The switching losses occur because a fet cannot switch instantaneously between off and on, there is a period where it is somewhere in between the two and acts like a variable resistor (the fet passes through both the saturation and triode regions as the gate voltage ramps up where it can potentially be very lossy). This event happens once at turn on and once at turn off and should take roughly always take the same time assuming the gate drive circuitry behaves the same way at all frequencies. So the switching losses account for a fixed energy loss each cycle.

The gate losses occur because there is some internal gate resistance and because you need a flow of current to change the voltage across a capacitor (the gate capacitance), there will be some fixed energy loss across the gate resistance each switching cycle as the gate is charged and discharged. This also accounts for a fixed energy loss each switching cycle (I2R*t).

The third loss, the conduction loss, is a bit different. The conduction loss happens when the fet is already on (i.e. after the switching transitions have finished) so the losses here have nothing to do with frequency but are instead dependent on the duty cycle as a larger duty cycle means that on average the fet spends more time turned on burning power (\$P = Vds*Ids = Ids^2*Rds\$). (Note I used the term 'power' and not energy as the conduction losses relate to an ongoing effect as opposed to a one-off, a constant power loss which is frequency independent as opposed to a constant energy loss which is not frequency independent). If you don't have a high enough Vgs to turn the fet fully on, then it will spend this time in either the saturation (constant Ids) or triode (constant Rds) regions (which still represent conduction losses) and will behave accordingly.

The point at which the switching (and gate losses, which are often rolled into the switching losses) become greater than the conduction losses will be different for different fets, for different operating temperatures, for different drain voltages, different drain currents, different gate voltages, for different gate charge times (charging/discharging the gate faster reduces the switching losses) and will even be different between batches of the same fets. I know you were hoping for a simple answer, but the reality is that MOSFET losses are very complex and difficult to model, Fairchild makes a good switching loss calculator spreadsheet (which is good but still not perfect) although it's only valid for a synchronous Buck converter configuration.
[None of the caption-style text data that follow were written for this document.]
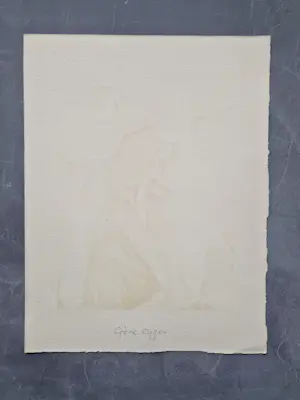 Gene Eggen - Jaren 60 kleuren houtsnede - vrouw in zomers landschap - gesigneerd kopen? Bied vanaf 40!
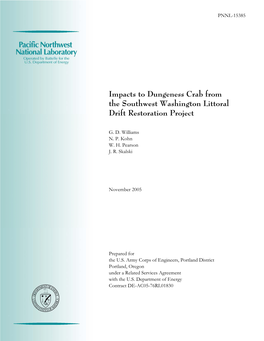 Impacts to Dungeness Crab from the Southwest Washington Littoral Drift Restoration Project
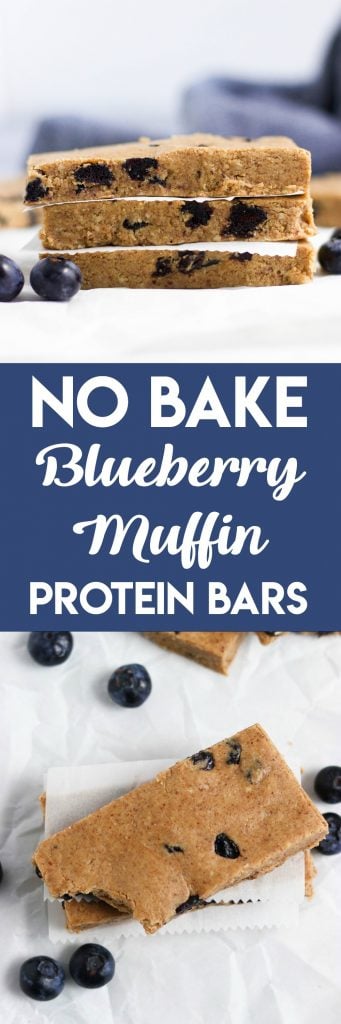 No Bake Blueberry Muffin Protein Bars. 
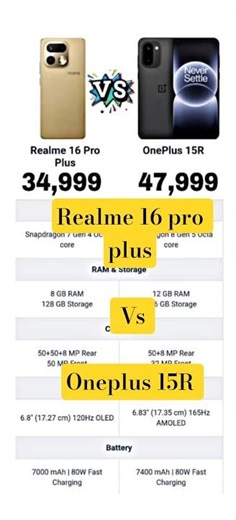 Realme 16 pro plus vs Oneplus 15R !! #youtubers #viral #shorts #duet #smartphone#iphone #short #yt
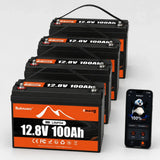 BUKNUWO 12V 100Ah Bluetooth LiFePO4 Lithium Battery, Smart 1280Wh Grade A Cells Battery For RV Boat Solar System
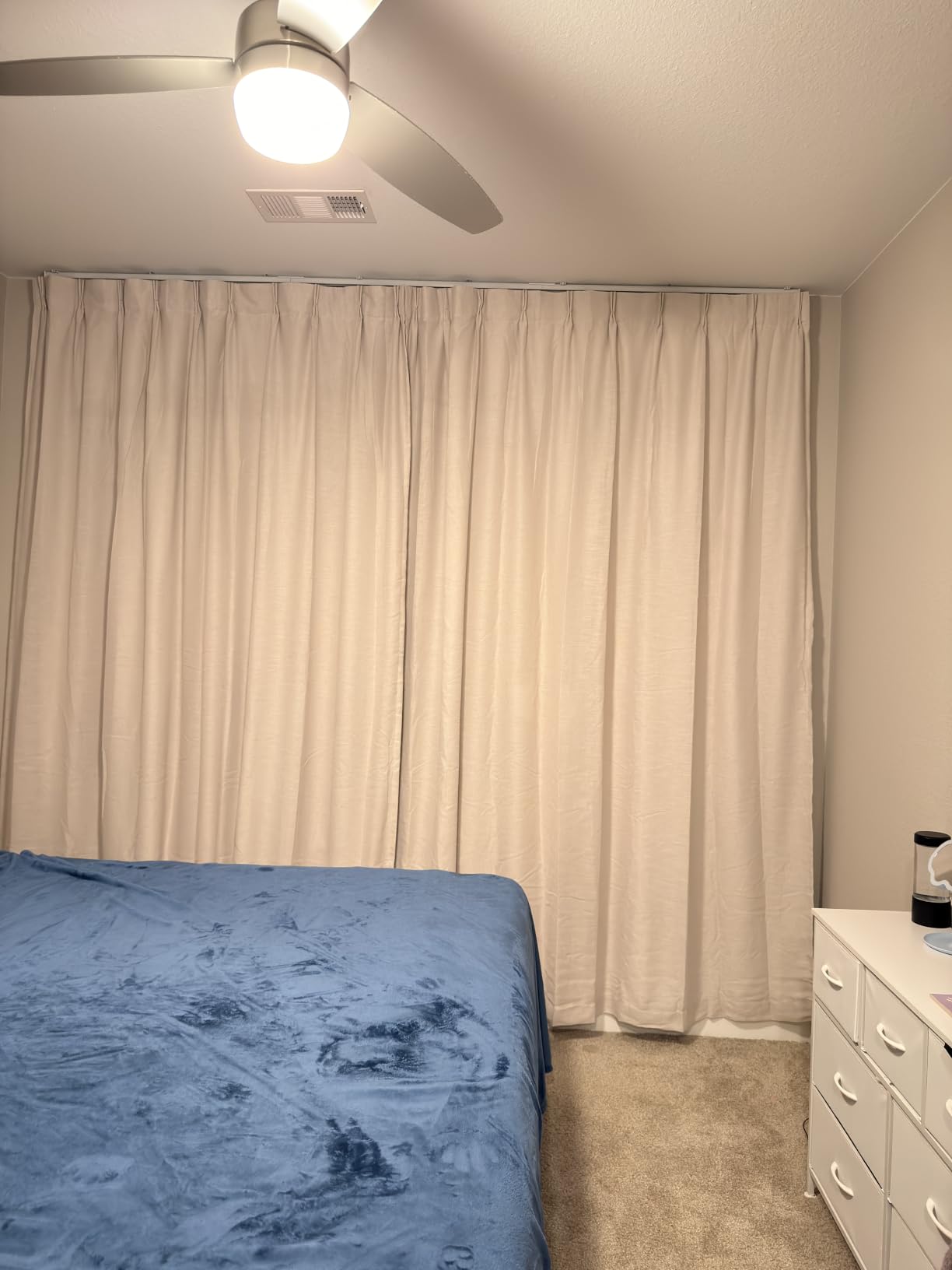 Topfinel 96 Inches Long Pinch Pleated 100% Blackout Curtains,Thermal Insulated Natural Linen Pinch Pleat Viral Drapes with Hooks Rings 2 Panel Sets,Neutral Beige Ivory 8FT Back Tab Window Curtains customer photo 2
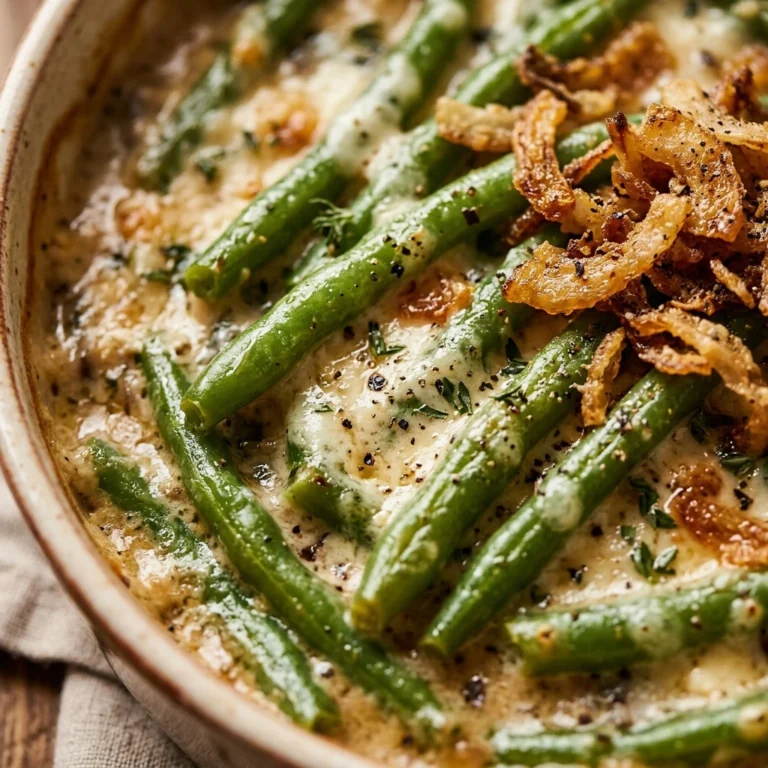 High Protein Green Bean Casserole Cottage Cheese Thanksgiving Healthy
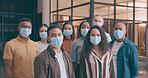 Business people, portrait and mask for team at startup, confident or office safety for germs at company. Men, women and group with ppe for healthcare risk, infection and bacteria at creative agency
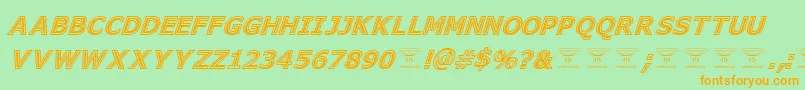 GeneseestItalic Font – Orange Fonts on Green Background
The only times that fet losses are straight forward to calculate is when the fet is in one particular state (off, triode, saturation, fully enhanced etc.), when Tj, Vds, Ids, Vgs are all fixed and the fet is not switching. Anything else gets complicated really fast - the best way to deal with this is to just run empirical tests and see what the results are, just be aware that any changes to your test setup will result in changes in your results.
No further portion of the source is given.